I've been doing some further experiments with pole balancing (also called the inverted pendulum problem).
In my previous experiment, I had partitioned the four-dimensional state space into a set of discrete states (typically several hundred), and then used observations of transitions conditioned on actions to compute transition probabilities in order to produce a Markov decision process. I then had it learn an optimal policy over the MDP using dynamic programming. This approach seemed to be fairly effective; it was usually able to learn to balance a single pole indefinitely after roughly 10 to 15 balancing attempts (plus an additional 10 episodes at the beginning using a completely random policy in order to gather a bit of data to learn from). Between each balancing attempt, it would relearn the model from scratch.
So I next decided to try it out on a more challenging version of the problem - balancing with an additional pole. This newer version proved too much for it, and it failed to learn to solve the problem, even after being given several hundred balancing attempts in which to do so. My guess is that increasing the dimensionality of the state space from four to six dimensions was the key cause of its failure. The problem is that as the dimensionality of the state space increases, it is necessary to enlist more and more states in order to represent it properly, but the more states used, the more observations necessary in order to populate the probabilistic model of the transitions between those states. In other words, this particular approach simply will not scale to large problems.

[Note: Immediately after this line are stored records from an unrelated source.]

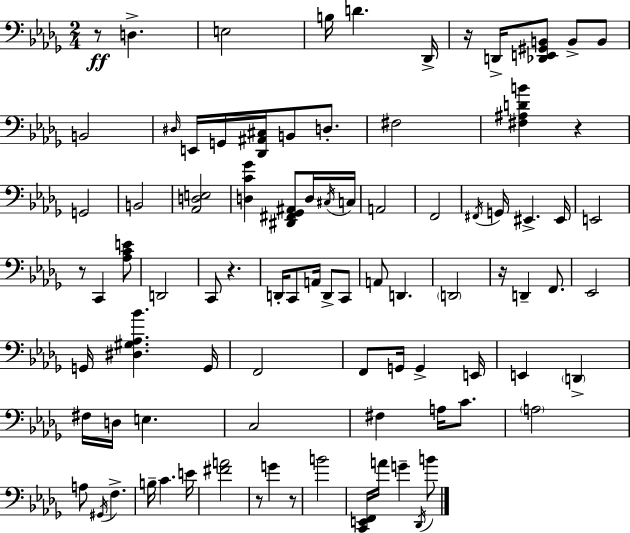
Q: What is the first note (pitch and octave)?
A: D3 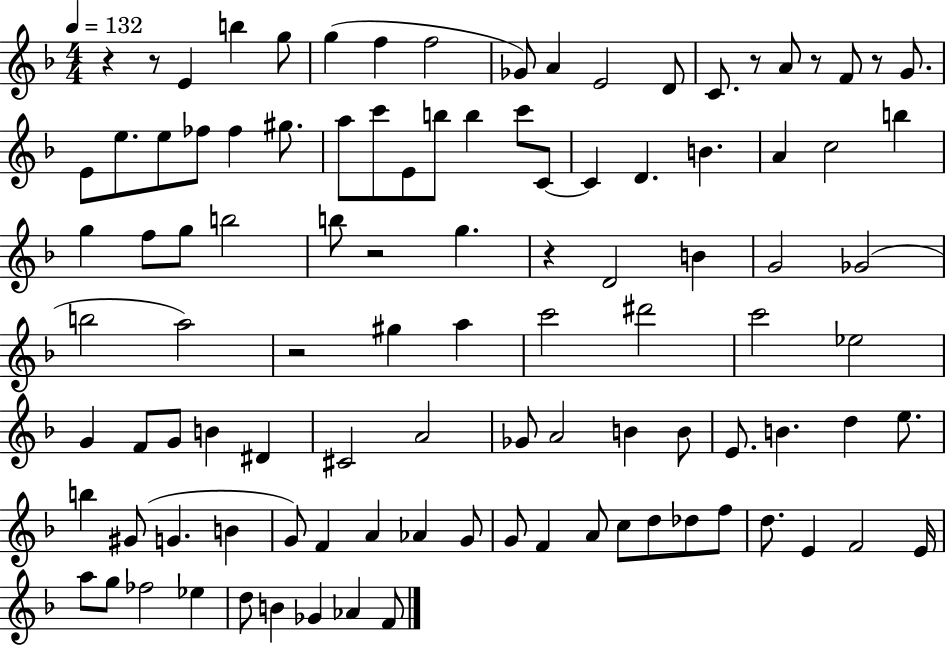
{
  \clef treble
  \numericTimeSignature
  \time 4/4
  \key f \major
  \tempo 4 = 132
  r4 r8 e'4 b''4 g''8 | g''4( f''4 f''2 | ges'8) a'4 e'2 d'8 | c'8. r8 a'8 r8 f'8 r8 g'8. | \break e'8 e''8. e''8 fes''8 fes''4 gis''8. | a''8 c'''8 e'8 b''8 b''4 c'''8 c'8~~ | c'4 d'4. b'4. | a'4 c''2 b''4 | \break g''4 f''8 g''8 b''2 | b''8 r2 g''4. | r4 d'2 b'4 | g'2 ges'2( | \break b''2 a''2) | r2 gis''4 a''4 | c'''2 dis'''2 | c'''2 ees''2 | \break g'4 f'8 g'8 b'4 dis'4 | cis'2 a'2 | ges'8 a'2 b'4 b'8 | e'8. b'4. d''4 e''8. | \break b''4 gis'8( g'4. b'4 | g'8) f'4 a'4 aes'4 g'8 | g'8 f'4 a'8 c''8 d''8 des''8 f''8 | d''8. e'4 f'2 e'16 | \break a''8 g''8 fes''2 ees''4 | d''8 b'4 ges'4 aes'4 f'8 | \bar "|."
} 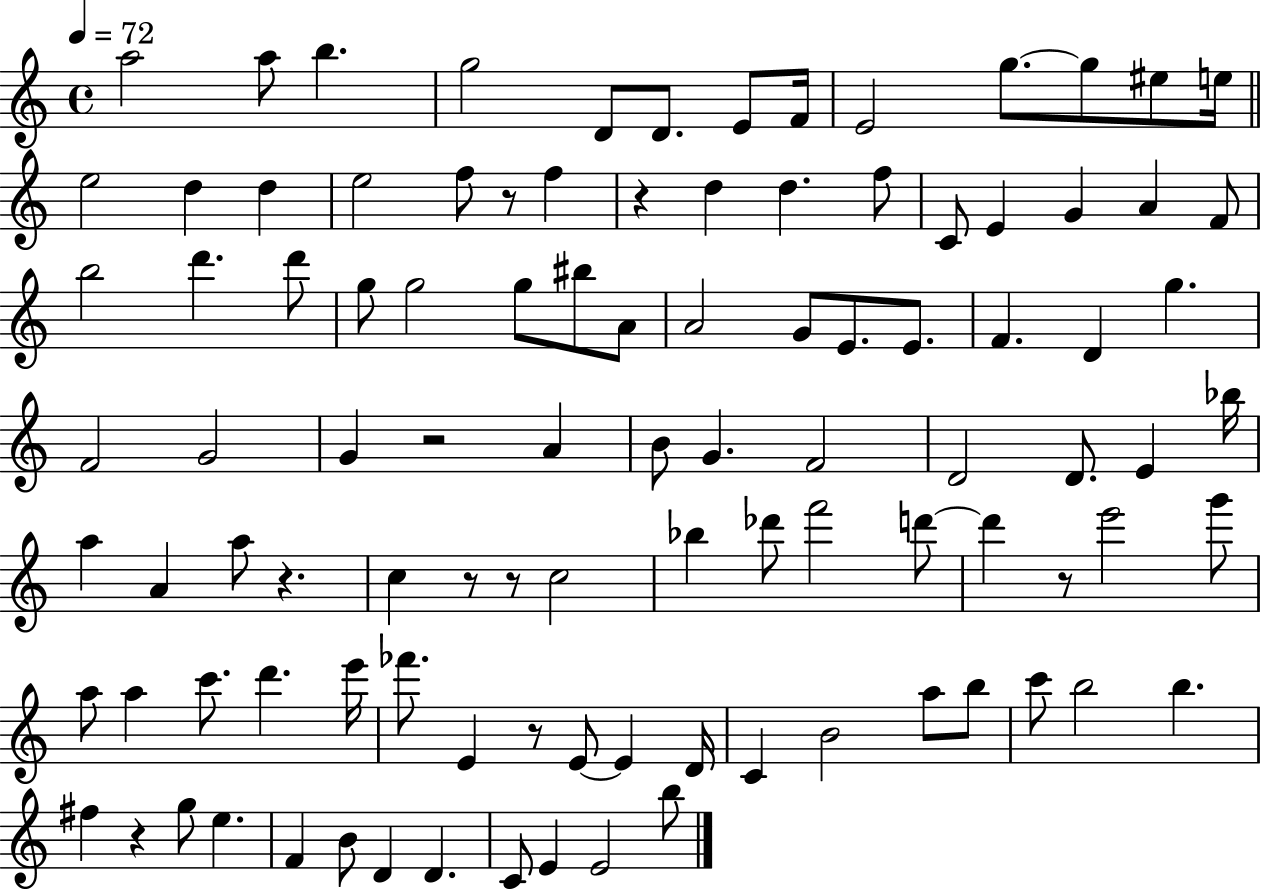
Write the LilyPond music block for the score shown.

{
  \clef treble
  \time 4/4
  \defaultTimeSignature
  \key c \major
  \tempo 4 = 72
  \repeat volta 2 { a''2 a''8 b''4. | g''2 d'8 d'8. e'8 f'16 | e'2 g''8.~~ g''8 eis''8 e''16 | \bar "||" \break \key c \major e''2 d''4 d''4 | e''2 f''8 r8 f''4 | r4 d''4 d''4. f''8 | c'8 e'4 g'4 a'4 f'8 | \break b''2 d'''4. d'''8 | g''8 g''2 g''8 bis''8 a'8 | a'2 g'8 e'8. e'8. | f'4. d'4 g''4. | \break f'2 g'2 | g'4 r2 a'4 | b'8 g'4. f'2 | d'2 d'8. e'4 bes''16 | \break a''4 a'4 a''8 r4. | c''4 r8 r8 c''2 | bes''4 des'''8 f'''2 d'''8~~ | d'''4 r8 e'''2 g'''8 | \break a''8 a''4 c'''8. d'''4. e'''16 | fes'''8. e'4 r8 e'8~~ e'4 d'16 | c'4 b'2 a''8 b''8 | c'''8 b''2 b''4. | \break fis''4 r4 g''8 e''4. | f'4 b'8 d'4 d'4. | c'8 e'4 e'2 b''8 | } \bar "|."
} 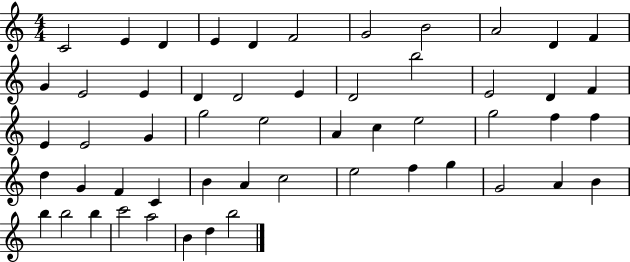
C4/h E4/q D4/q E4/q D4/q F4/h G4/h B4/h A4/h D4/q F4/q G4/q E4/h E4/q D4/q D4/h E4/q D4/h B5/h E4/h D4/q F4/q E4/q E4/h G4/q G5/h E5/h A4/q C5/q E5/h G5/h F5/q F5/q D5/q G4/q F4/q C4/q B4/q A4/q C5/h E5/h F5/q G5/q G4/h A4/q B4/q B5/q B5/h B5/q C6/h A5/h B4/q D5/q B5/h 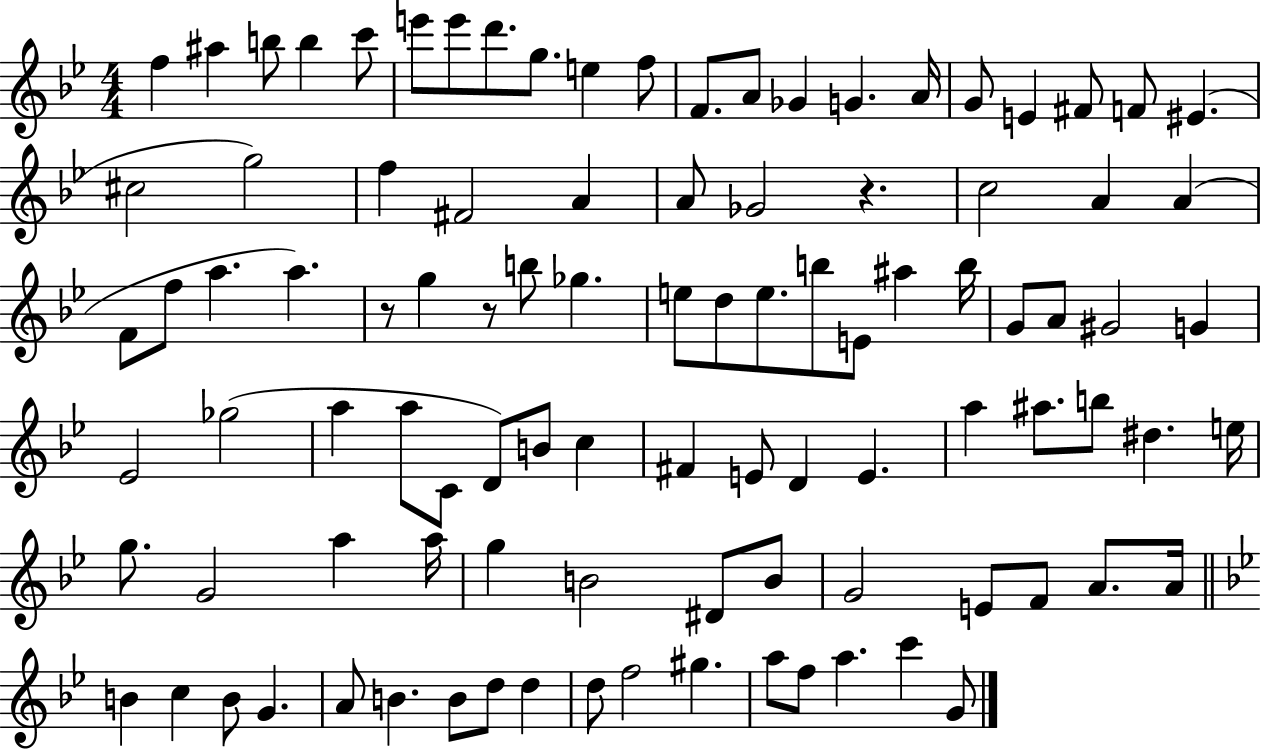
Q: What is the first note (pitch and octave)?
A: F5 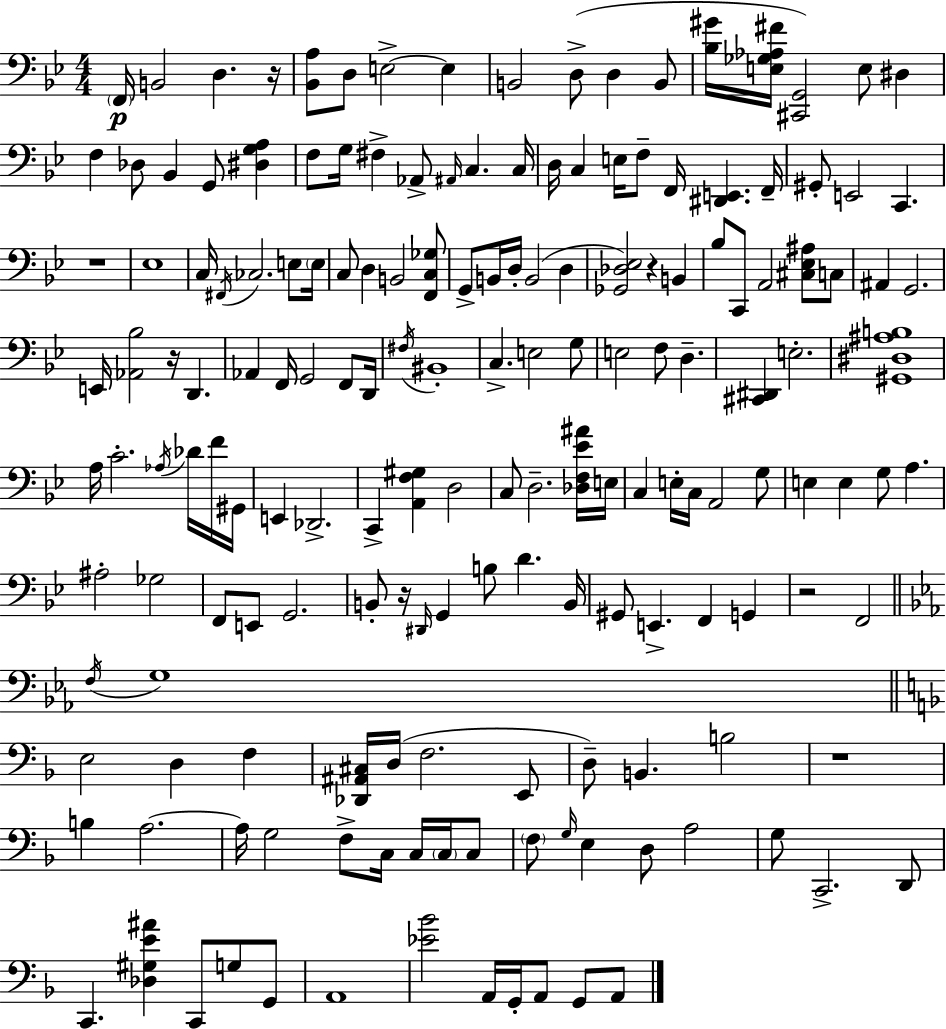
{
  \clef bass
  \numericTimeSignature
  \time 4/4
  \key g \minor
  \repeat volta 2 { \parenthesize f,16\p b,2 d4. r16 | <bes, a>8 d8 e2->~~ e4 | b,2 d8->( d4 b,8 | <bes gis'>16 <e ges aes fis'>16 <cis, g,>2) e8 dis4 | \break f4 des8 bes,4 g,8 <dis g a>4 | f8 g16 fis4-> aes,8-> \grace { ais,16 } c4. | c16 d16 c4 e16 f8-- f,16 <dis, e,>4. | f,16-- gis,8-. e,2 c,4. | \break r1 | ees1 | c16 \acciaccatura { fis,16 } ces2. e8 | \parenthesize e16 c8 d4 b,2 | \break <f, c ges>8 g,8-> b,16 d16-. b,2( d4 | <ges, des ees>2) r4 b,4 | bes8 c,8 a,2 <cis ees ais>8 | c8 ais,4 g,2. | \break e,16 <aes, bes>2 r16 d,4. | aes,4 f,16 g,2 f,8 | d,16 \acciaccatura { fis16 } bis,1-. | c4.-> e2 | \break g8 e2 f8 d4.-- | <cis, dis,>4 e2.-. | <gis, dis ais b>1 | a16 c'2.-. | \break \acciaccatura { aes16 } des'16 f'16 gis,16 e,4 des,2.-> | c,4-> <a, f gis>4 d2 | c8 d2.-- | <des f ees' ais'>16 e16 c4 e16-. c16 a,2 | \break g8 e4 e4 g8 a4. | ais2-. ges2 | f,8 e,8 g,2. | b,8-. r16 \grace { dis,16 } g,4 b8 d'4. | \break b,16 gis,8 e,4.-> f,4 | g,4 r2 f,2 | \bar "||" \break \key c \minor \acciaccatura { f16 } g1 | \bar "||" \break \key f \major e2 d4 f4 | <des, ais, cis>16 d16( f2. e,8 | d8--) b,4. b2 | r1 | \break b4 a2.~~ | a16 g2 f8-> c16 c16 \parenthesize c16 c8 | \parenthesize f8 \grace { g16 } e4 d8 a2 | g8 c,2.-> d,8 | \break c,4. <des gis e' ais'>4 c,8 g8 g,8 | a,1 | <ees' bes'>2 a,16 g,16-. a,8 g,8 a,8 | } \bar "|."
} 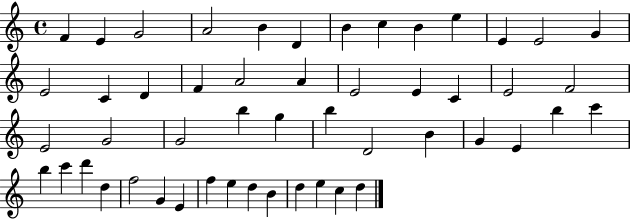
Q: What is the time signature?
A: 4/4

So I decided to try a different approach. I borrowed an idea I had read about in Bio-Inspired Artificial Intelligence, described below:
Yet another method consists in the coevolution of a robot's controller and of the simulator parameters that are most likely to differ from the real world and that may affect the quality of the transfer (Bongard and Lipson 2005). This method, also known as the estimation-exploration algorithm, consists of coevolving three populations, one encoding possible simulator parameters, one encoding robot controllers used only to find a good simulator, and the third also encoding robot controllers, but these controllers are meant to allow the robot to fulfill its task, such as forward locomotion. Coevolution happens in several passes through a three-stage process. In stage 1, a randomly generated population of controllers is evolved in the default simulator and the best individual is executed on the real robot while the time series of sensory values is recorded. In stage 2, the population of simulators is evolved for reducing the difference between the time series recorded on the real robot and the time series obtained by running the same controller within the simulator. The best evolved simulator is then used for stage 1 where a new randomly generated population of controllers is evolved and the best individual is tested on the real robot to generate the time series for another pass of simulator evolution. This two-stage coevolution is repeated several times until the error between simulated and real robot behavior is as small as possible. Then, the best simulator found so far is used by a third population (the third stage), in which robot controllers are again evolved, this time to elicit some desired behavior. The best controller from this population is then executed on the physical robot, and, if the evolved simulator was accurate, the real robot will exhibit the same behavior as that seen in the evolved simulator.
It was shown that 16 passes of the three-stage process were sufficient to evolve a good control system that could be transferred to an articulated robot. In this case, the real robot was used to test only 17 controllers: the 16 controllers used to find an accurate simulator, and the 17th evolved to enable the robot to perform some desired task (Bongard et al. 2006). The authors also showed that this approach could be used to adapt the control system to cope with a damaged robot (for example, loss of a leg, malfunctioning of a sensor, etc.). (pg 510)
Here is a link to the paper An exploration-estimation algorithm for synthesis and analysis of engineering systems using minimal physical testing (2004), describing the concept in much greater detail.
This is essentially what I did, and the results turned out to be far more effective than my attempts with the dynamic programming approach from before.
It is my strong conviction that it is critical to focus on learning mechanisms that can work effectively using a minimal number of actual interactions with the target environment ("physical testing".) For the double pole balance task, I could have very easily performed neuroevolution directly within the environment itself (as I did here), without all the bother of having it first inductively learn a simulation of it. However, there are many real-world situations in which interactions are expensive, sometimes in terms of money, but more often in terms of time.
There may be an analogy to be made with mental rehearsal, or daydreaming.